Rubenstein v. GAP, 8/24/17, DCA2/1
The GAP has outlet stores where it sells GAP brand merchandise that it does not sell at its traditional stores.  Rubenstein purchased GAP merchandise at an outlet store thinking that the merchandise had once been marketed in GAP’s traditional stores.  She further alleged that the merchandise GAP sold at its outlet stores was of inferior quality, although she alleged no facts in support of that allegation.  She sued GAP for false advertising, unfair competition (UCL) and related claims, all premised on the same conduct.  The trial court granted GAP’s demurrer without leave to amend. Held: Affirmed.
Rubenstein’s didn’t allege that GAP made any representations that merchandise sold at its outlet stores had ever been sold at its traditional stores.  Nor did GAP make representations about the quality of outlet store merchandise.  Therefore, what Rubenstein simply assumed was not the basis of a lawsuit.  Her concealment theory also failed: Absent a special/confidential relationship, GAP had not duty to disclose such facts to Rubenstein.  Finally, when someone sells merchandise under its own brand, that is not an implied representation about merchandise quality that would support an unfair competition claim under the “fraudulent” prong of the UCL.

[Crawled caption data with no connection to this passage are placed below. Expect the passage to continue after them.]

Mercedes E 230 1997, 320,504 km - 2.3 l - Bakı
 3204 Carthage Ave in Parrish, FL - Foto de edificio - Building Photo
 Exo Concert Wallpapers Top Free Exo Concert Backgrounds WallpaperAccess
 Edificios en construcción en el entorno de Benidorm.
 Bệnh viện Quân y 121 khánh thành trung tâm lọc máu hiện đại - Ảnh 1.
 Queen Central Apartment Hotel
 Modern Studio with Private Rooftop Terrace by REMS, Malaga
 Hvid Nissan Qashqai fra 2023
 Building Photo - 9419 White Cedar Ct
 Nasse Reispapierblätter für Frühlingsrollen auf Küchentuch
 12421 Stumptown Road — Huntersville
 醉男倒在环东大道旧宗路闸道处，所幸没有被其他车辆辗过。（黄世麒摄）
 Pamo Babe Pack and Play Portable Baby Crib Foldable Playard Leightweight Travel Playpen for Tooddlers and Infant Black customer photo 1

This case deals with an important issue in UCL jurisprudence: The UCL has three prongs (unlawful, unfair, fraudulent), each which can independently support a cause of action under the UCL.  For purposes of the UCL, a fraudulent practice is where a statement is made that would deceive a reasonable consumer.  In an amicus brief, the Attorney General argued that a defendant should potentially be liable for a fraudulent practice under the UCL even absent a false representation.  That is, the Attorney General urged the court to find that a business practice itself could mislead a reasonable consumer.  The DCA2/1 declined to adopt the AG’s position, finding it contrary to holdings by other DCAs.
To Rubenstein’s credit, she is not the only one who assumes that outlet merchandise was once sold at a brand’s traditional stores.  There have been some news reports on this exact issue and my sense—based on about three minutes of online research—is that some consumers are confused, but they are generally okay with the quality trade-off because they get the brand at a better price point.